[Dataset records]
======

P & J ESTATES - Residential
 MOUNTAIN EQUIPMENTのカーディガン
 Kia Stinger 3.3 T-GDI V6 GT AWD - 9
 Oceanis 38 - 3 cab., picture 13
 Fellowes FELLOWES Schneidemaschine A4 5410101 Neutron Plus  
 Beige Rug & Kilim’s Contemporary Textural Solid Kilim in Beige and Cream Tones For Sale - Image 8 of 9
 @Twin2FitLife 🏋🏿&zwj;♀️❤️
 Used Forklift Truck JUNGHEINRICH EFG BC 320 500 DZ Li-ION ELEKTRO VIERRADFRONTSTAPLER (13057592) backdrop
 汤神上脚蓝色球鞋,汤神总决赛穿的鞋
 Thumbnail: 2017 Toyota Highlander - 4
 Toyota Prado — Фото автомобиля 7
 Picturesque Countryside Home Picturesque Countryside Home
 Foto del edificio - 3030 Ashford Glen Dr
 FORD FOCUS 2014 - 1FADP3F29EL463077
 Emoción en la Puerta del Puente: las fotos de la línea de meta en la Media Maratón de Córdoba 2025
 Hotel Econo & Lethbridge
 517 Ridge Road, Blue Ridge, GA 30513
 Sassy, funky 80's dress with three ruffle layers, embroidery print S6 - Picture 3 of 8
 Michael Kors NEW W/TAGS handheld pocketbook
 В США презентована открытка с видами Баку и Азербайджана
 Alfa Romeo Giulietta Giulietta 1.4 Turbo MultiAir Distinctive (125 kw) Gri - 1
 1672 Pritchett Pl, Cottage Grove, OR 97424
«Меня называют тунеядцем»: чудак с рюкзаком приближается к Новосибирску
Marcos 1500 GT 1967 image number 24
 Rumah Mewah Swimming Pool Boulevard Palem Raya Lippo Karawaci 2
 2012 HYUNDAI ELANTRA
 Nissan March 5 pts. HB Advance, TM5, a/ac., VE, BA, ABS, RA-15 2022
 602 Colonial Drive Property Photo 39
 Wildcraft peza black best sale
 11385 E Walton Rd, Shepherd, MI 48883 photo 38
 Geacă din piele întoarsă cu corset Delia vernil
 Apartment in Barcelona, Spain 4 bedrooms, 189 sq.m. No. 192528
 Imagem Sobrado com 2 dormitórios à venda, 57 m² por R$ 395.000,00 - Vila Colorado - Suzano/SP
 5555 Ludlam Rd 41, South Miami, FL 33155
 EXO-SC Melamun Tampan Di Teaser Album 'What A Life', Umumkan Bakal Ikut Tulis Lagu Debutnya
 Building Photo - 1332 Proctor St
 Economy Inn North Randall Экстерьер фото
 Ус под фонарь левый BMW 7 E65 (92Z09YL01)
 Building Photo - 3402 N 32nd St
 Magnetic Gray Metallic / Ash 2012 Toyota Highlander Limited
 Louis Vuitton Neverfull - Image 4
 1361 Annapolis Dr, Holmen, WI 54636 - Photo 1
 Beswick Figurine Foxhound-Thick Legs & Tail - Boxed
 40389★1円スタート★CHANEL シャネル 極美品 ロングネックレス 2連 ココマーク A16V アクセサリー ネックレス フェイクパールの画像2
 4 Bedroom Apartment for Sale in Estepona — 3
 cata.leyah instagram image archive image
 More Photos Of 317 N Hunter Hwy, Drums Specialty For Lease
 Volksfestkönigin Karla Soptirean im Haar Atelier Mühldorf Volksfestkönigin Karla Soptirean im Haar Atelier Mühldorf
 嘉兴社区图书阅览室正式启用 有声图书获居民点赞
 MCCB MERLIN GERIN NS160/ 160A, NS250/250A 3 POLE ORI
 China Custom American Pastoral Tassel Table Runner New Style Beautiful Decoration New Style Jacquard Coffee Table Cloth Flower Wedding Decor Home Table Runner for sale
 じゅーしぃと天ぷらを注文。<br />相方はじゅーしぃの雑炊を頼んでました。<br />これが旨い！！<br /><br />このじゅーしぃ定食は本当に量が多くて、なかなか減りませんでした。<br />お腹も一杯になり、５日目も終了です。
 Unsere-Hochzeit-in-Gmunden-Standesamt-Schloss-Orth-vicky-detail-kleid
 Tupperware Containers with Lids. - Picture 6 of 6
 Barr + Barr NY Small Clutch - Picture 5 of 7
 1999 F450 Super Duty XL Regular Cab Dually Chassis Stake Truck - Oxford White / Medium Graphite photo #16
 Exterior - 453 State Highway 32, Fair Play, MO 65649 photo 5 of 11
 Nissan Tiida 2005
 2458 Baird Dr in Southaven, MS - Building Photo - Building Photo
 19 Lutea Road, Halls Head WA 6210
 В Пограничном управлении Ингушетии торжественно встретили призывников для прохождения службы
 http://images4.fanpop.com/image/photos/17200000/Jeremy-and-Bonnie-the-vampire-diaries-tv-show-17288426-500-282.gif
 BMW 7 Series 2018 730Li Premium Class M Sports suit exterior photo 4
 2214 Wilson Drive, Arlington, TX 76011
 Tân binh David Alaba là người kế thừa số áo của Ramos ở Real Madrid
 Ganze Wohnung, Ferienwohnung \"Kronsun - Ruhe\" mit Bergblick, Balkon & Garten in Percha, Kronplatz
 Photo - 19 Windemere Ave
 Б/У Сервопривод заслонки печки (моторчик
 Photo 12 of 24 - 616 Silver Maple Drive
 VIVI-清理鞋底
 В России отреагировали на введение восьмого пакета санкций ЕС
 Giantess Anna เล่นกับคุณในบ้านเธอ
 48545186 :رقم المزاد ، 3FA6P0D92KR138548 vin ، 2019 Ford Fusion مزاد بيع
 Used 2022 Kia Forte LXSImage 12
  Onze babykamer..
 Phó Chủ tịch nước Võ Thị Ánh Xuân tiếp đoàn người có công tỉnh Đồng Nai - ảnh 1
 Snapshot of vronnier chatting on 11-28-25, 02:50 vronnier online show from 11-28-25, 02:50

======

> **What to do**
An exact reproduction of all the records is needed.

> **Solution to the exercise**
P & J ESTATES - Residential
 MOUNTAIN EQUIPMENTのカーディガン
 Kia Stinger 3.3 T-GDI V6 GT AWD - 9
 Oceanis 38 - 3 cab., picture 13
 Fellowes FELLOWES Schneidemaschine A4 5410101 Neutron Plus  
 Beige Rug & Kilim’s Contemporary Textural Solid Kilim in Beige and Cream Tones For Sale - Image 8 of 9
 @Twin2FitLife 🏋🏿&zwj;♀️❤️
 Used Forklift Truck JUNGHEINRICH EFG BC 320 500 DZ Li-ION ELEKTRO VIERRADFRONTSTAPLER (13057592) backdrop
 汤神上脚蓝色球鞋,汤神总决赛穿的鞋
 Thumbnail: 2017 Toyota Highlander - 4
 Toyota Prado — Фото автомобиля 7
 Picturesque Countryside Home Picturesque Countryside Home
 Foto del edificio - 3030 Ashford Glen Dr
 FORD FOCUS 2014 - 1FADP3F29EL463077
 Emoción en la Puerta del Puente: las fotos de la línea de meta en la Media Maratón de Córdoba 2025
 Hotel Econo & Lethbridge
 517 Ridge Road, Blue Ridge, GA 30513
 Sassy, funky 80's dress with three ruffle layers, embroidery print S6 - Picture 3 of 8
 Michael Kors NEW W/TAGS handheld pocketbook
 В США презентована открытка с видами Баку и Азербайджана
 Alfa Romeo Giulietta Giulietta 1.4 Turbo MultiAir Distinctive (125 kw) Gri - 1
 1672 Pritchett Pl, Cottage Grove, OR 97424
«Меня называют тунеядцем»: чудак с рюкзаком приближается к Новосибирску
Marcos 1500 GT 1967 image number 24
 Rumah Mewah Swimming Pool Boulevard Palem Raya Lippo Karawaci 2
 2012 HYUNDAI ELANTRA
 Nissan March 5 pts. HB Advance, TM5, a/ac., VE, BA, ABS, RA-15 2022
 602 Colonial Drive Property Photo 39
 Wildcraft peza black best sale
 11385 E Walton Rd, Shepherd, MI 48883 photo 38
 Geacă din piele întoarsă cu corset Delia vernil
 Apartment in Barcelona, Spain 4 bedrooms, 189 sq.m. No. 192528
 Imagem Sobrado com 2 dormitórios à venda, 57 m² por R$ 395.000,00 - Vila Colorado - Suzano/SP
 5555 Ludlam Rd 41, South Miami, FL 33155
 EXO-SC Melamun Tampan Di Teaser Album 'What A Life', Umumkan Bakal Ikut Tulis Lagu Debutnya
 Building Photo - 1332 Proctor St
 Economy Inn North Randall Экстерьер фото
 Ус под фонарь левый BMW 7 E65 (92Z09YL01)
 Building Photo - 3402 N 32nd St
 Magnetic Gray Metallic / Ash 2012 Toyota Highlander Limited
 Louis Vuitton Neverfull - Image 4
 1361 Annapolis Dr, Holmen, WI 54636 - Photo 1
 Beswick Figurine Foxhound-Thick Legs & Tail - Boxed
 40389★1円スタート★CHANEL シャネル 極美品 ロングネックレス 2連 ココマーク A16V アクセサリー ネックレス フェイクパールの画像2
 4 Bedroom Apartment for Sale in Estepona — 3
 cata.leyah instagram image archive image
 More Photos Of 317 N Hunter Hwy, Drums Specialty For Lease
 Volksfestkönigin Karla Soptirean im Haar Atelier Mühldorf Volksfestkönigin Karla Soptirean im Haar Atelier Mühldorf
 嘉兴社区图书阅览室正式启用 有声图书获居民点赞
 MCCB MERLIN GERIN NS160/ 160A, NS250/250A 3 POLE ORI
 China Custom American Pastoral Tassel Table Runner New Style Beautiful Decoration New Style Jacquard Coffee Table Cloth Flower Wedding Decor Home Table Runner for sale
 じゅーしぃと天ぷらを注文。<br />相方はじゅーしぃの雑炊を頼んでました。<br />これが旨い！！<br /><br />このじゅーしぃ定食は本当に量が多くて、なかなか減りませんでした。<br />お腹も一杯になり、５日目も終了です。
 Unsere-Hochzeit-in-Gmunden-Standesamt-Schloss-Orth-vicky-detail-kleid
 Tupperware Containers with Lids. - Picture 6 of 6
 Barr + Barr NY Small Clutch - Picture 5 of 7
 1999 F450 Super Duty XL Regular Cab Dually Chassis Stake Truck - Oxford White / Medium Graphite photo #16
 Exterior - 453 State Highway 32, Fair Play, MO 65649 photo 5 of 11
 Nissan Tiida 2005
 2458 Baird Dr in Southaven, MS - Building Photo - Building Photo
 19 Lutea Road, Halls Head WA 6210
 В Пограничном управлении Ингушетии торжественно встретили призывников для прохождения службы
 http://images4.fanpop.com/image/photos/17200000/Jeremy-and-Bonnie-the-vampire-diaries-tv-show-17288426-500-282.gif
 BMW 7 Series 2018 730Li Premium Class M Sports suit exterior photo 4
 2214 Wilson Drive, Arlington, TX 76011
 Tân binh David Alaba là người kế thừa số áo của Ramos ở Real Madrid
 Ganze Wohnung, Ferienwohnung \"Kronsun - Ruhe\" mit Bergblick, Balkon & Garten in Percha, Kronplatz
 Photo - 19 Windemere Ave
 Б/У Сервопривод заслонки печки (моторчик
 Photo 12 of 24 - 616 Silver Maple Drive
 VIVI-清理鞋底
 В России отреагировали на введение восьмого пакета санкций ЕС
 Giantess Anna เล่นกับคุณในบ้านเธอ
 48545186 :رقم المزاد ، 3FA6P0D92KR138548 vin ، 2019 Ford Fusion مزاد بيع
 Used 2022 Kia Forte LXSImage 12
  Onze babykamer..
 Phó Chủ tịch nước Võ Thị Ánh Xuân tiếp đoàn người có công tỉnh Đồng Nai - ảnh 1
 Snapshot of vronnier chatting on 11-28-25, 02:50 vronnier online show from 11-28-25, 02:50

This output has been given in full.